> [Exercise instructions]: Will you quote only the lines starting at the one that contains "Cesta Aramado Retangular" and ending with the last line of the listing below, inclusive?

> [Source material]:

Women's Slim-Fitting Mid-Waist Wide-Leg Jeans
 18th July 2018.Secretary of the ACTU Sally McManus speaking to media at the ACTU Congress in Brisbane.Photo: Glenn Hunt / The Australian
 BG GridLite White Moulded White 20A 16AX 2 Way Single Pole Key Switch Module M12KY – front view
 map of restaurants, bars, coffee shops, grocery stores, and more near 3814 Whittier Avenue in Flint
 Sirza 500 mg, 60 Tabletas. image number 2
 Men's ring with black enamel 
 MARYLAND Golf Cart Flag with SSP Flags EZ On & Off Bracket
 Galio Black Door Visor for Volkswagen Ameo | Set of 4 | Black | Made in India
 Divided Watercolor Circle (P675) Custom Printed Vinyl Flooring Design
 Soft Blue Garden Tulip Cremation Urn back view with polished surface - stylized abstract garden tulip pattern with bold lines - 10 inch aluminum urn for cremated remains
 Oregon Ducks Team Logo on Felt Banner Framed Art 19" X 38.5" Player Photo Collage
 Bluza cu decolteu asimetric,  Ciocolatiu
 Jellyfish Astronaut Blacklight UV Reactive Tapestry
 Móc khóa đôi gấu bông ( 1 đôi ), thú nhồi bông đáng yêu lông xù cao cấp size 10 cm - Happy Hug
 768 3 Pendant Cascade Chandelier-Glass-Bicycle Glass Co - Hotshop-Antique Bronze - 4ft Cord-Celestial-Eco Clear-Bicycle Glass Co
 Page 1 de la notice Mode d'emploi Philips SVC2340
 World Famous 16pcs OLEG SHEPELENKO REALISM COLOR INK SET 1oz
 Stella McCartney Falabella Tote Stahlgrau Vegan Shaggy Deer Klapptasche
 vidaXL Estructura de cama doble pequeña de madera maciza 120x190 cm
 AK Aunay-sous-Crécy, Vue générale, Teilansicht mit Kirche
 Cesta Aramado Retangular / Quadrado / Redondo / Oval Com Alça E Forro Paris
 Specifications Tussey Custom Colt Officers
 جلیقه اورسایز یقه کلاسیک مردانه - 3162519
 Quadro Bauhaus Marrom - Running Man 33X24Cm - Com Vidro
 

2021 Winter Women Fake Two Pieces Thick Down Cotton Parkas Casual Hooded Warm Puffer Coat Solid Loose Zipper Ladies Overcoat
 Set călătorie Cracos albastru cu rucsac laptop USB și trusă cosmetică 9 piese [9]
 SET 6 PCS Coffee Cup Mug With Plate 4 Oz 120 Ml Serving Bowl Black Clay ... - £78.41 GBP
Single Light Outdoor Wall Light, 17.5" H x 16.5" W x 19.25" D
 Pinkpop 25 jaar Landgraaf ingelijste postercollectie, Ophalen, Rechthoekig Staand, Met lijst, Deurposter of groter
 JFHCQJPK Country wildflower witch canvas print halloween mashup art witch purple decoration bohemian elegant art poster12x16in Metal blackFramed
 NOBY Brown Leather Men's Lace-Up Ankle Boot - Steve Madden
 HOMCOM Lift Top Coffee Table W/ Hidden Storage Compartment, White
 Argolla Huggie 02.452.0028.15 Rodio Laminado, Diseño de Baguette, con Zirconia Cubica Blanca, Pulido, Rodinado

> [Answer to the exercise]:
 Cesta Aramado Retangular / Quadrado / Redondo / Oval Com Alça E Forro Paris
 Specifications Tussey Custom Colt Officers
 جلیقه اورسایز یقه کلاسیک مردانه - 3162519
 Quadro Bauhaus Marrom - Running Man 33X24Cm - Com Vidro
 

2021 Winter Women Fake Two Pieces Thick Down Cotton Parkas Casual Hooded Warm Puffer Coat Solid Loose Zipper Ladies Overcoat
 Set călătorie Cracos albastru cu rucsac laptop USB și trusă cosmetică 9 piese [9]
 SET 6 PCS Coffee Cup Mug With Plate 4 Oz 120 Ml Serving Bowl Black Clay ... - £78.41 GBP
Single Light Outdoor Wall Light, 17.5" H x 16.5" W x 19.25" D
 Pinkpop 25 jaar Landgraaf ingelijste postercollectie, Ophalen, Rechthoekig Staand, Met lijst, Deurposter of groter
 JFHCQJPK Country wildflower witch canvas print halloween mashup art witch purple decoration bohemian elegant art poster12x16in Metal blackFramed
 NOBY Brown Leather Men's Lace-Up Ankle Boot - Steve Madden
 HOMCOM Lift Top Coffee Table W/ Hidden Storage Compartment, White
 Argolla Huggie 02.452.0028.15 Rodio Laminado, Diseño de Baguette, con Zirconia Cubica Blanca, Pulido, Rodinado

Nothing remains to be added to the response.